The steward’s records indicate none of the problems that Declan surely faced as he tried to fashion a fair and organized competition with the unwieldy number of musicians at every level of ability on the plain. This was not, beyond the occasional request for lodging, a matter of accounts rendered or received. For such detail we must explore other chronicles, letters, and court records, and even the ballads that took root in those scant days. The bard of the Duke of Grishold complained to the duke’s chronicler of having, on that first day, to compete with “minstrels, street pipers, and others of such ilk,” along with several bards well educated in the courtly traditions. He is happier on the second day, after the rigors of the first pared away novices, dilettantes, street and tavern players, and those without the hope of a chance, who could play a cheerful tune or two, and mostly had just come to listen.
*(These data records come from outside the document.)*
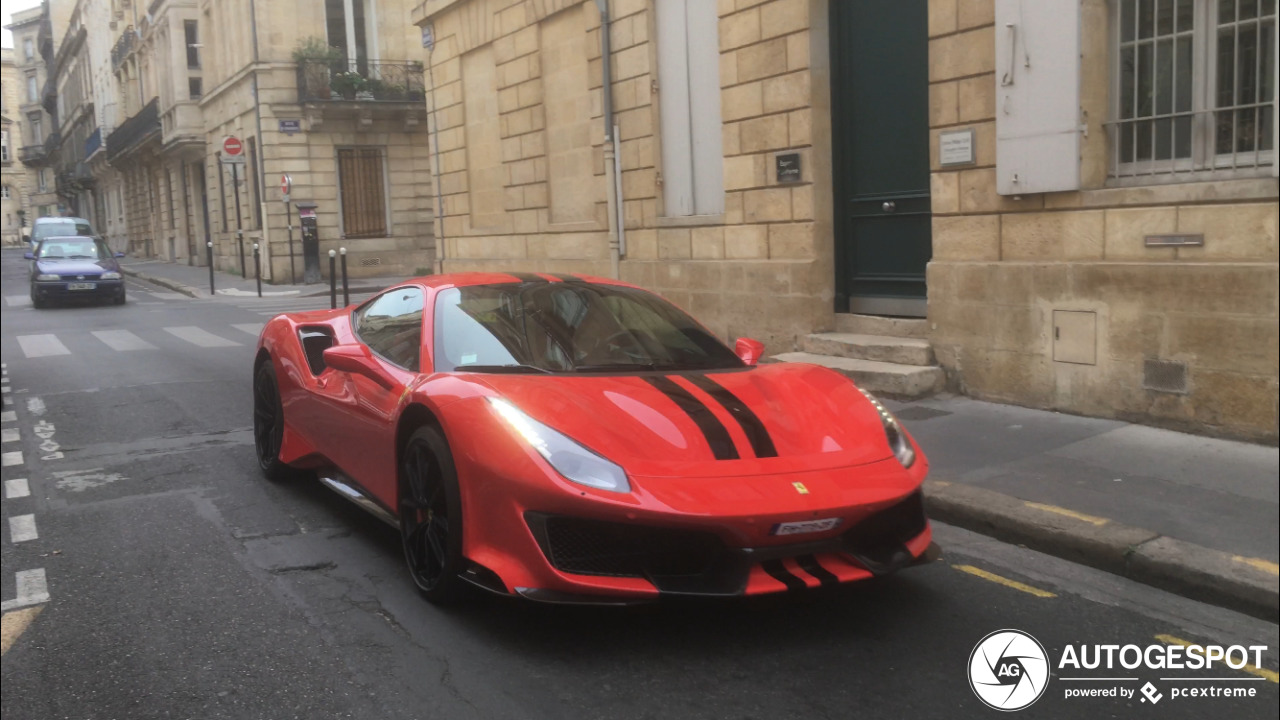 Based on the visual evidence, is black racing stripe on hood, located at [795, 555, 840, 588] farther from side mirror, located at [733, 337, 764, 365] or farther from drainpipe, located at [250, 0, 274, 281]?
drainpipe, located at [250, 0, 274, 281]

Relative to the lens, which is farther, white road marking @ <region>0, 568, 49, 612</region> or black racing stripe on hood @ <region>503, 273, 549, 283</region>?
black racing stripe on hood @ <region>503, 273, 549, 283</region>

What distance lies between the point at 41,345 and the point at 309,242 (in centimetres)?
1370

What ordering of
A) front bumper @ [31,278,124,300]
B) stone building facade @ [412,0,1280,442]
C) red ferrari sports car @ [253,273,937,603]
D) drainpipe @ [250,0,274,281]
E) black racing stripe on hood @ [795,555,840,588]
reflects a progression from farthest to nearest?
drainpipe @ [250,0,274,281] < front bumper @ [31,278,124,300] < stone building facade @ [412,0,1280,442] < black racing stripe on hood @ [795,555,840,588] < red ferrari sports car @ [253,273,937,603]

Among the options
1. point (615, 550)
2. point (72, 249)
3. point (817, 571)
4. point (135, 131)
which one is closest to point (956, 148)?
point (817, 571)

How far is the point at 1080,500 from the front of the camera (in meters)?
5.34

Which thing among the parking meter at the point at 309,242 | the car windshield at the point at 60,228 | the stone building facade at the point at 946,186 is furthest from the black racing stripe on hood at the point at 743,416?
the car windshield at the point at 60,228

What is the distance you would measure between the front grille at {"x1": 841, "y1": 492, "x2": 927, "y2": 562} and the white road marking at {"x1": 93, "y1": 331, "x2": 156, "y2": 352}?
→ 12.1m

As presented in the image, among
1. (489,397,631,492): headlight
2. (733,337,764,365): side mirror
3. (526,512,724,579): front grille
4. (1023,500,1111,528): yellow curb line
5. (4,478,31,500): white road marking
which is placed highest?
(733,337,764,365): side mirror

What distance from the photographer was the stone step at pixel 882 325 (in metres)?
8.95

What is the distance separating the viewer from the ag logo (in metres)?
3.43

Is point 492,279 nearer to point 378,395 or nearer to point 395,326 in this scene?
point 395,326

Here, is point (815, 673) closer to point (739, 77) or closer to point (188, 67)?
point (739, 77)

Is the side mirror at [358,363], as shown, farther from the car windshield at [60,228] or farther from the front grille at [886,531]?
the car windshield at [60,228]

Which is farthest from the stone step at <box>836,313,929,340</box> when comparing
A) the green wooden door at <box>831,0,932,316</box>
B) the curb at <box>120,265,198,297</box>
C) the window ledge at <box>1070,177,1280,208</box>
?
the curb at <box>120,265,198,297</box> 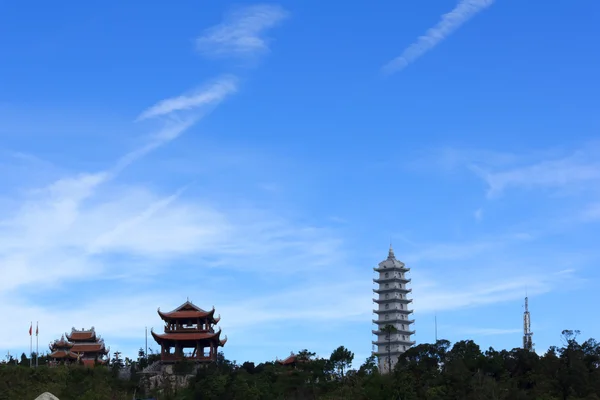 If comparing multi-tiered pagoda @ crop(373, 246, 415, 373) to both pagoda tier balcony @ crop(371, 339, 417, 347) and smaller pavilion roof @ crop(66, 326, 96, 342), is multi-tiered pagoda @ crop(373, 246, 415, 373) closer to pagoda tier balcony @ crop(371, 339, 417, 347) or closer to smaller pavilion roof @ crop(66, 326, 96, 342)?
pagoda tier balcony @ crop(371, 339, 417, 347)

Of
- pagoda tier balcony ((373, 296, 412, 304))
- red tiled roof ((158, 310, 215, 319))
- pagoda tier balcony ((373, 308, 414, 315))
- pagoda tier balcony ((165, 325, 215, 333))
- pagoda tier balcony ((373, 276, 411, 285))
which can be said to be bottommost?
pagoda tier balcony ((165, 325, 215, 333))

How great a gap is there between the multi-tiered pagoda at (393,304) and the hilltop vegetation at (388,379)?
29760mm

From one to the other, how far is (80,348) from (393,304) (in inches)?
1448

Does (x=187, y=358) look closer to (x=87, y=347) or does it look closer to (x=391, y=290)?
(x=87, y=347)

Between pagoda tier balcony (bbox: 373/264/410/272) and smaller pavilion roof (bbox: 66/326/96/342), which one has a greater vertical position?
pagoda tier balcony (bbox: 373/264/410/272)

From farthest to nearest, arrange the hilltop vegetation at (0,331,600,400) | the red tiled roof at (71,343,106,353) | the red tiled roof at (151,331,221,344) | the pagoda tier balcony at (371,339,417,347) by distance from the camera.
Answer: the pagoda tier balcony at (371,339,417,347)
the red tiled roof at (71,343,106,353)
the red tiled roof at (151,331,221,344)
the hilltop vegetation at (0,331,600,400)

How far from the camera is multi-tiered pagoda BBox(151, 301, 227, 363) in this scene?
7569 centimetres

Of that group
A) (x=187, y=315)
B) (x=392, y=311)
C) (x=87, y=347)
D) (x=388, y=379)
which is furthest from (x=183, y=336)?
(x=392, y=311)

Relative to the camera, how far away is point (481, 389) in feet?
173

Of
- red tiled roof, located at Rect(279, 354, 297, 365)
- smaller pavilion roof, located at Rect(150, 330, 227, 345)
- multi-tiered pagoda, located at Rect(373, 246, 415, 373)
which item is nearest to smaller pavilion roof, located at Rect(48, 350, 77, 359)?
smaller pavilion roof, located at Rect(150, 330, 227, 345)

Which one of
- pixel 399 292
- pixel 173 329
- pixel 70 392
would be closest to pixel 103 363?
pixel 173 329

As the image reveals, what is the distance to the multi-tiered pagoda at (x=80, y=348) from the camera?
262 feet

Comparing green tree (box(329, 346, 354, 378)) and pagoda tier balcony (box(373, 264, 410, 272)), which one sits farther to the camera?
pagoda tier balcony (box(373, 264, 410, 272))

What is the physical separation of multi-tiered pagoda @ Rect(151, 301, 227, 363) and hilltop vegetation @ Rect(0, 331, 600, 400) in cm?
827
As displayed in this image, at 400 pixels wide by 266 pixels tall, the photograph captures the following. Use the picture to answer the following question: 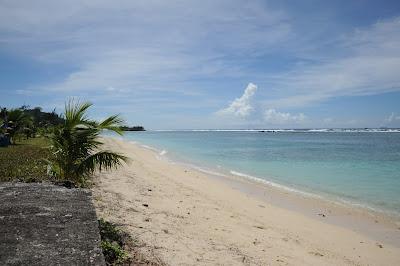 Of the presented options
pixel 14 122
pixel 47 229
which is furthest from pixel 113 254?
pixel 14 122

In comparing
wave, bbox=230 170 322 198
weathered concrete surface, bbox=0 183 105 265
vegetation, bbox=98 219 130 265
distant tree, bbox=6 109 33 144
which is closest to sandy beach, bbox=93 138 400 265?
vegetation, bbox=98 219 130 265

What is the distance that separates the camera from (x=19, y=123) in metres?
29.2

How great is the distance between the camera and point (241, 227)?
326 inches

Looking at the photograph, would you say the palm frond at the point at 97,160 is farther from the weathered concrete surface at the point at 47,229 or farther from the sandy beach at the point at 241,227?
the weathered concrete surface at the point at 47,229

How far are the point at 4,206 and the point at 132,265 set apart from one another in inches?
69.8

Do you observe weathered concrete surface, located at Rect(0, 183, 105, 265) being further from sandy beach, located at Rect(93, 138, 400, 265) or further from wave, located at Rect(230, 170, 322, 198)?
wave, located at Rect(230, 170, 322, 198)

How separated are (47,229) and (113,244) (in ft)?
5.25

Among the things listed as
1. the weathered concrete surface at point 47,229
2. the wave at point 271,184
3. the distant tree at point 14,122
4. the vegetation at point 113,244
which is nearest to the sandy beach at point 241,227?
the vegetation at point 113,244

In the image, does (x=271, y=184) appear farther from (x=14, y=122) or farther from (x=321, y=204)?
(x=14, y=122)

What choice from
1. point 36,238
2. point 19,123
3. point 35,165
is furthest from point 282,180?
point 19,123

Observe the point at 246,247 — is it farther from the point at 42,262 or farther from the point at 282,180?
the point at 282,180

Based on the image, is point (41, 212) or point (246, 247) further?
point (246, 247)

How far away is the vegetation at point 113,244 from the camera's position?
196 inches

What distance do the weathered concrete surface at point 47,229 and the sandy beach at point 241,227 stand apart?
1586 millimetres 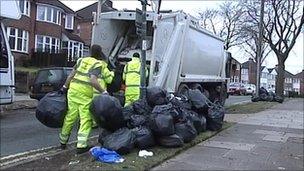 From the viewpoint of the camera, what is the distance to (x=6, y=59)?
40.3 feet

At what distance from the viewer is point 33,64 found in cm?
3638

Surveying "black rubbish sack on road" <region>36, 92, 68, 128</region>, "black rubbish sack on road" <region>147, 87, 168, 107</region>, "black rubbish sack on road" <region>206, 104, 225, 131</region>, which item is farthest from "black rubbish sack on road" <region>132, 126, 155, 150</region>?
"black rubbish sack on road" <region>206, 104, 225, 131</region>

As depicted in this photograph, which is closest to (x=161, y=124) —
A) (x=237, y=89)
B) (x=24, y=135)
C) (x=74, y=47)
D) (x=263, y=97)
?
(x=24, y=135)

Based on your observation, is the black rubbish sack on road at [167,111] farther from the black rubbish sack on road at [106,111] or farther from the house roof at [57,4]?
the house roof at [57,4]

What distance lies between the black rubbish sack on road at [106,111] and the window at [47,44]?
106 feet

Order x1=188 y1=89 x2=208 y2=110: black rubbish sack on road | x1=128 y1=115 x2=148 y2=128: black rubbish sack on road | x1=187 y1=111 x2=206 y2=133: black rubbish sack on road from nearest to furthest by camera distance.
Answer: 1. x1=128 y1=115 x2=148 y2=128: black rubbish sack on road
2. x1=187 y1=111 x2=206 y2=133: black rubbish sack on road
3. x1=188 y1=89 x2=208 y2=110: black rubbish sack on road

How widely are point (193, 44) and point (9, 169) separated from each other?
27.3 feet

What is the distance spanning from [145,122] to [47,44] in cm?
3455

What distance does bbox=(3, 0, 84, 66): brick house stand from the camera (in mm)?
36719

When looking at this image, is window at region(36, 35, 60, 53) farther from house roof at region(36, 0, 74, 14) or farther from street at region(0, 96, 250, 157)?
street at region(0, 96, 250, 157)

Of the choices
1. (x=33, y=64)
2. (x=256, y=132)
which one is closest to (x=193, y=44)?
(x=256, y=132)

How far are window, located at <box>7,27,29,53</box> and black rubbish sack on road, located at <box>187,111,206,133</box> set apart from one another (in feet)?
92.9

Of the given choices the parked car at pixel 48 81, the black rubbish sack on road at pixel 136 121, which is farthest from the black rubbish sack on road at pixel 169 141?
the parked car at pixel 48 81

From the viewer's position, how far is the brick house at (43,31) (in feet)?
120
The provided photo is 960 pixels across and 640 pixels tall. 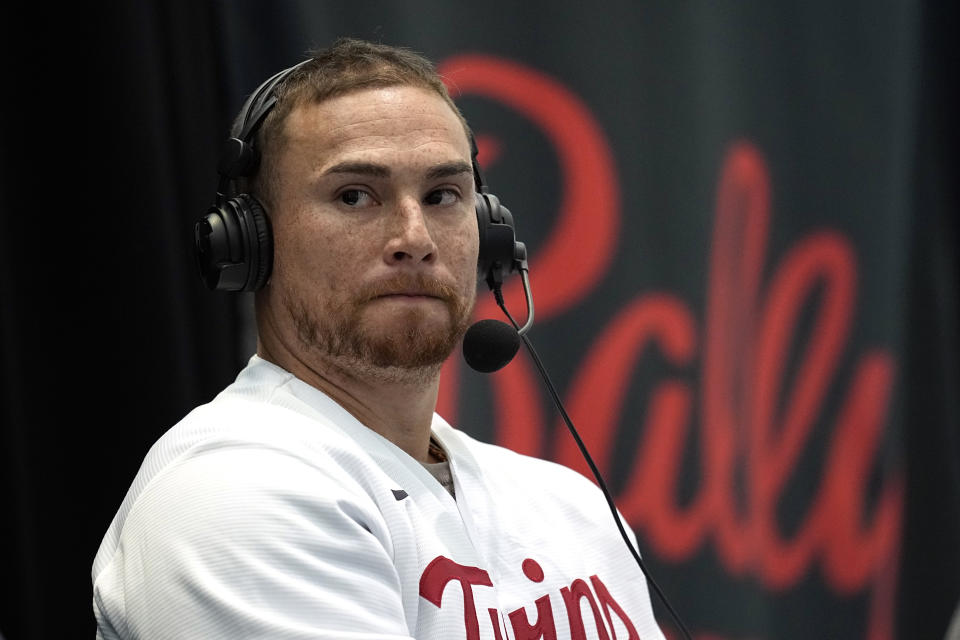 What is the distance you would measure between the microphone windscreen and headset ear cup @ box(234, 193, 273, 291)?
0.24 metres

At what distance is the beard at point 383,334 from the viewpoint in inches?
47.9

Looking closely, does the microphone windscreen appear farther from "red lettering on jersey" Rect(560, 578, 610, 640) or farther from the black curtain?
the black curtain

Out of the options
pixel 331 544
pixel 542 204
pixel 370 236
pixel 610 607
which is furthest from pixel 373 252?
pixel 542 204

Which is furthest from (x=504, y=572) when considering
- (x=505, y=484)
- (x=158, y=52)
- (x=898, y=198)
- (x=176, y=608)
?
(x=898, y=198)

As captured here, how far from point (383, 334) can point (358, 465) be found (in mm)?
164

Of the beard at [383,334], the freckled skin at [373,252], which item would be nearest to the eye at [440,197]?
the freckled skin at [373,252]

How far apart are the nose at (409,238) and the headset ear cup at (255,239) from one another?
14 centimetres

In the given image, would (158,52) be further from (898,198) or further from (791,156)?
(898,198)

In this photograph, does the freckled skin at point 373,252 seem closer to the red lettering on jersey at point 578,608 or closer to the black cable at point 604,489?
the black cable at point 604,489

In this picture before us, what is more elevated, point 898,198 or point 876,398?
point 898,198

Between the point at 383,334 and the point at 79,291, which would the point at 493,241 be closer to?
the point at 383,334

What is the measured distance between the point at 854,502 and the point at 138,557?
5.65 feet

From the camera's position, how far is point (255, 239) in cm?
124

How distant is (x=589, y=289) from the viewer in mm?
2068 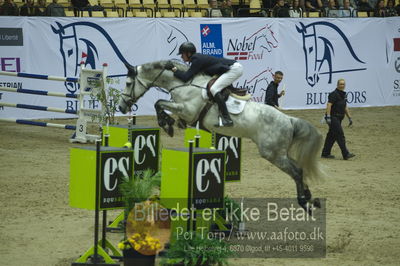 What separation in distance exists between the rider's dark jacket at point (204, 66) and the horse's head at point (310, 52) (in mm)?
12434

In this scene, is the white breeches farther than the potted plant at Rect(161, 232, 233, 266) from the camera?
Yes

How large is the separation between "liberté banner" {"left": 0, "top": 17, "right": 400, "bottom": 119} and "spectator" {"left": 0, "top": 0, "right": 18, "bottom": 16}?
54 cm

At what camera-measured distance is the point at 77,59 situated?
19.2 meters

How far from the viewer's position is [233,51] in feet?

It is difficult for the city dweller to imagine what Stirl Plain must have looked like to those used to the lonely silent stretches of grass and standing stones. From “sunrise to moonset,” as one writer put it, the plain was covered with tents, wagons, campfires, pavilions, horses, oxen, dogs, with all the attendant noises, smells, colors. The school steward does list several of King Oroh’s nobles whom Declan invited to stay at the school. In various chronicles and private letters, they comment on the vivid crowd, the motley of musicians, and though, in the opinion of Lord Cleaver, King Oroh’s general and himself a musician, there are those “of great talent with their instruments, none seem trained in the necessary arts which King Oroh will expect of his bard, and which Declan brought with him to this benighted land.”
None except, perhaps, for an unusual harper.
This musician, of little charm, no wealth, and vague background, summons such art out of his simple harp that even the rich instruments of the high-court bards grow mute as he plays. Whence he comes he does not say, and his only name is Welkin.
FROM “ON STIRL PLAIN” VIRUH STAID, CHRONICLER TO THE DUKE OF GRISHOLD
By the end of the first day of the first bardic competition on Stirl Plain, one word fell from everyone’s lips like an enchanted jewel that contained the entire range of human feeling. Awe, disgust, envy, perplexity, suspicion, adoration, longing, curiosity, delight, and chagrin infused that single word; it changed every time it was spoken. That a craggy, threadbare, unknown musician with a battered harp, no family name or history, and only a vague direction as a place of origin, could render experienced court bards incoherent with his playing stunned everyone. On that first day, his name was most often followed by a more familiar word: Who?
Who was Welkin? Out of what nowhere had he come? Where had he learned to play like that? As though his harp were strung with the sinews of the heart, with sounds from the deep, shifting bones of the earth, with all the memories of music in the world before day ever opened its eye and night and time began?
Declan, moving through the crowds with his usual composure, confessed himself as ignorant as anyone of the harper’s past. Nairn, who had spent his life listening for such wonders, was transfixed by the harper’s skill until a skewed vision of Welkin dressed in leather and silk, riding at King Oroh’s side, counseling the king and using his magic at Oroh’s whim, bumped up against the homespun harper with the mysterious past, the glint in his eyes, and powers even Declan could only guess at.
Declan, only in private and only to Nairn, betrayed the one word that Welkin’s harping truly inspired in him.
“Do something,” he demanded of Nairn, when the contenders stopped to eat before they played the sun down.
“What exactly?” Nairn asked, disconcerted by Declan’s fear. “He plays better than I do.”
“Listen to him.”
“I do. I have been, all day. How could I not? He plays—he plays music the standing stones must have heard when they were new.”